Stand heute müssen die Autobauer ihre Flottenemissionen schrittweise senken: Bis 2030 um 55 Prozent im Vergleich zu 2021, bis 2035 auf null. Wer die Ziele verfehlt, riskiert Milliardenstrafen. Der europäische Branchenverband ACEA rechnet allein für das Jahr 2025 mit Strafzahlungen von bis zu 15 Milliarden Euro für die europäische Autoindustrie. Das würde ihre angespannte Lage weiter verschärfen.
Selbst einzelne Vertreter der Grünen, lange wichtigste Verteidiger des Verbrennerverbots, signalisierten Bereitschaft zu einem Verschieben der Zielvorgaben. Parteiveteran Cem Özdemir sprach sich im Interview mit dem "Handelsblatt" für einen "Schulterschluss von Industrie und Politik" aus, der beim "Wann" Spielräume lassen solle - beim "Wohin" aber klar bleiben müsse. Özdemir ist Grünen-Spitzenkandidat für die Landtagswahl am 8. März nächsten Jahres im Autoland Baden-Württemberg. Auch Grünen-Faktionschefin Katharina Dröge befeuerte mit Äußerungen im "Bericht aus Berlin" die Debatte.
Die Zermürbung wächst
Das Hin und Her beim Verbrenner-Verbot sorgt in der Branche aber auch zunehmend für Frust. Audi-Chef Gernot Döllner hält die Debatte um eine erneute Aufweichung für "kontraproduktiv": "Ich kenne keine bessere Technik als das Elektroauto, um in den nächsten Jahren beim Klimaschutz voranzukommen", sagte er jüngst der "Wirtschaftswoche". Anstatt die Vorzüge des E-Autos zu betonen, werde immer wieder die Diskussion um den Erhalt des Verbrenners geführt. Jeder neue Streit um den Verbrenner verunsichere die Kunden.
Auch VW-Chef Oliver Blume warnte vor einem "ständigen Infragestellen". BMW-Chef Oliver Zipse nennt das Verbrenner-Aus zwar einen "Riesenfehler", doch selbst er lehnt weitere Aufweichungen ab: "Wir kennen die Ziele seit 2019. Wer sie nun verschiebt, verspielt Glaubwürdigkeit." Diese Gefahr sieht auch Branchenexperte Stefan Bratzel: "Man kann sich auf Entscheidungen nicht mehr verlassen." Das Verbot habe zu "ideologischen Grabenkämpfen" geführt. Ein Rückzug vom Verbot wäre "hochkritisch" und würde die Verunsicherung von Kunden und Investoren verstärken, sagt der Leiter des Center of Automotive Management an der Fachhochschule der Wirtschaft in Bergisch Gladbach im Gespräch mit ntv. Es könnte zudem das Signal an die Hersteller sein, den Fuß vom Gas zu nehmen.
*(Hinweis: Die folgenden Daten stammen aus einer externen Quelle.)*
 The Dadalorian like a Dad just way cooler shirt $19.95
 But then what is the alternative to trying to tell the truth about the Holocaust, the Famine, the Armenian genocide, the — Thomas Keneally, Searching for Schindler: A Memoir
Fortschritte bei der Elektrifizierung
Während die Industrie laut stöhnt, ist die Elektrifizierung längst Realität. Laut dem Forschungsinstitut International Council on Clean Transportation (ICCT) hat Europa im ersten Halbjahr 2025 einen Rekordmarktanteil von 17 Prozent neu zugelassenen reinen Elektroautos erreicht - Tendenz steigend. Die EU ist inzwischen Nettoexporteur vollelektrischer Fahrzeuge und der weltweit zweitgrößte Produzent. "Die Entscheidung ist getroffen, es geht Richtung reine Elektrofahrzeuge", sagt ICCT-Europa-Chef Peter Mock im Gespräch mit ntv.
Auch bei den Klimazielen gibt es laut ICCT Fortschritte. "Die Hersteller sind nur noch neun Gramm von ihrem nächsten CO₂-Ziel für 2027 entfernt", sagt Mock. Sinkende Batteriekosten und ein Fahrt aufnehmender Ausbau der Ladeinfrastruktur verbessern die Perspektiven zusätzlich.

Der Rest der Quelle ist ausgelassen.